Friday, January 13, 2012

The Missing Name on the Cake

I would love to say that I haven't posted because I've been too busy.  Or that I decided I didn't need to write.  It isn't any of that.  It was so painful.  I want to remember how it felt to hold her.  I just wish I could remember her, I mean really like truly recall what it was like to have her here with me alive, without the pain.  It's like my heart has this escape valve, a release valve, and when the pain is too much it's like my brain starts saying what if it hadn't happened.  Why did it happen?  Why us, why her? Oh wait that just makes it hurt more.  And I try not to think about it.  But then I feel guilty for acting as if she never existed.  The fact is she does exist.  It's just she isn't a part of my life in the way I would like.
Im planning a birthday party for one beautiful little girl.  But I gave birth to two beautiful little girls two years ago so every time I write or say or see "Happy Birthday Hannah" I see "Happy Birthday Samantha and Hannah".  Every. Time.  I mean every time.  I want to write it in.  I want to correct this mistake.  But this is my reality.  I don't want Hannah to be punished because her twin died but it's a part of her reality too.  I hope she can understand that someday.  When she is 13 and blowing out her candles and she sees Mommy crying I hope she will hug me extra tight and not be angry.  Because there is a name missing on her cake and I can't do anything about that.  Except remind the people around me.  I'm sure they haven't forgotten but they forget to reming me that they haven't forgotten.

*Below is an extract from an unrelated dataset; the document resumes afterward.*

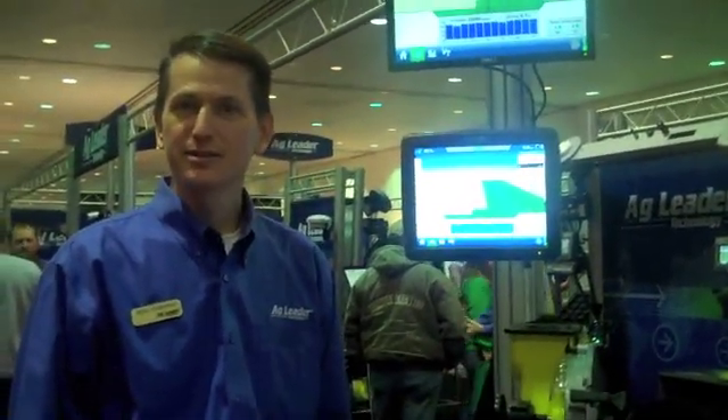We're going to spill it right now, Mark. You are launching the new Advanced Seed Monitoring System. This is going to be an update to your Integra system. Just for people who aren't familiar with your technology, can you give us a brief overview of what Integra is?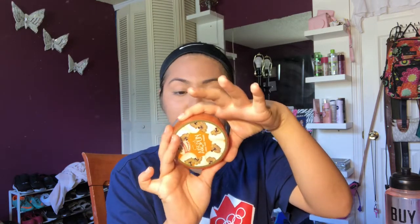Now I'm gonna go in with the Airspun translucent powder — this one's in Naturally Neutral, 07211. And using the Real Techniques beauty blender, I'm gonna set everything.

At the same time I am grieving, I thank God for the grace to know that He is in control and that life is not random but has a purpose I cannot understand.  I heard a beautiful story of a miracle where a prayer for a water bottle was answered and a baby's life was saved.  I was so angry!  Why could he send a water bottle but not heal Samantha's intestines!!  Or just keep her from getting sick!?  I prayed and prayed, was my prayer less worthy somehow?  Then I remembered all the times in my life I felt I saw God in a flower or an act of kindness.  Or heard His comfort on the radio or at mass just when I needed it. I felt his answer was "I am God.  I love you.  Whether I answer yes or no."
He is God.  Each breath I take and each moment I got to share with Samantha was a gift.  A gift I didn't deserve or earn.  And when I didn't get the length of lifetime I was expecting- it sucked.  But God's love didn't change.  I continue to breath and look forward to eternity with Him and Samantha.
But it still hurts.  I'm ordering some balloons to release on Samantha's birthday.